= Frank Salamone =

American anthropologist and sociologist

Frank A. Salamone (born 1939) is an American anthropologist and sociologist whose work has focused on Italian-Americans living in New York and on the peoples of various African nations, including Nigeria and Sudan. He is Professor Emeritus at Iona College.

== Early life ==
Salamone was born in 1939 in Rochester, New York. He began his academic career at St. John Fisher College, where he earned his bachelor's in 1961. In 1966, he earned his Master's from the University of Rochester. In 1973, upon the invitation of then-head of the American Anthropological Association, Dr. Charles Frantz, Salamone matriculated to the State University of New York (SUNY) Buffalo, earning his PhD in 1973.

== Career ==
In the mid-1970s, Salamone had begun his work studying various ethnic groups in Nigeria, publishing The Drug Problem in a Small Emirate in Northern Nigeria in the Journal des Africanistes in 1975. Salamone's article examined drug use among the Yauri people, inhabitants of the Yauri emirate in northwestern Sudan. This was followed by a study of the Hausa people, Becoming Hausa: Ethnic Identity Change and its Implications for the Study of Ethnic Pluralism and Stratification, published in the October 1975 issue of Cambridge University Press' Africa.

By 1985, Salamone had become the Chair of the Social Sciences Department at Elizabeth Seton College in Yonkers, New York. While at Elizabeth Seton, he continued his work on western Africa, publishing Colonialism and the Emergence of Fulani Identity in the Journal of African and Asian Studies in 1985.

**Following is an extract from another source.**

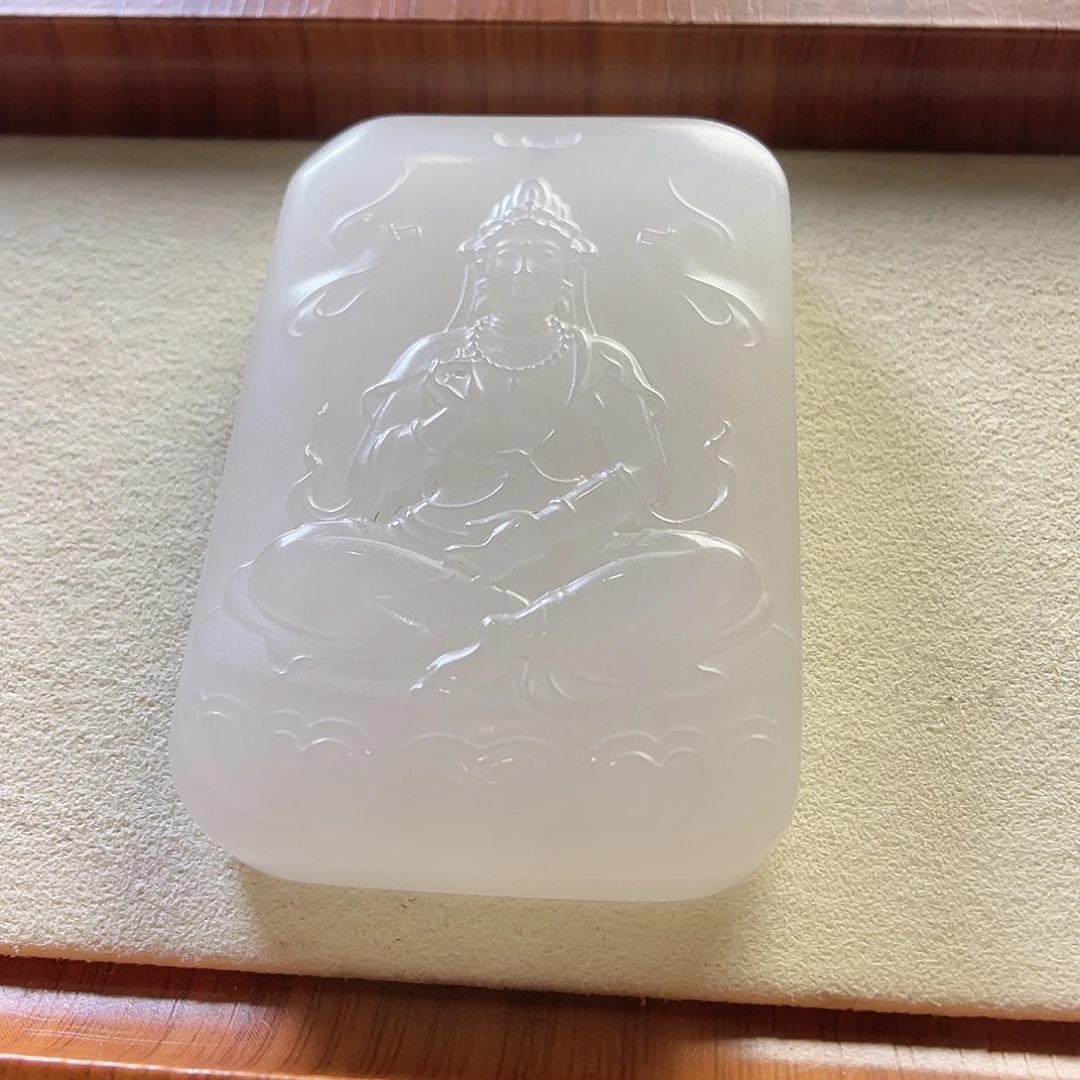 万***林颈饰未镶嵌石英质玉（金丝玉）新疆金丝玉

In 1988, Salamone's employer, Elizabeth Seton College, merged with Iona College, and Salamone went on to become chair of Iona's Sociology and Anthropology Department. Salamone eventually earned the title of professor emeritus at Iona College.

In 1993, Salamone retired from Iona College but remained in academia, serving as an online facilitator for the University of Phoenix for 16 years. In 2008, he explored a new cultural area with his examination of Italian-Americans living in Rochester in the postwar years. Salamone's work, Italians in Rochester, 1940-1960, touched on anthropological, sociological, and historical themes.

== Personal life ==
Salamone resides in Rochester, New York with his wife, Virginia O'Sullivan Salamone. He has seven children.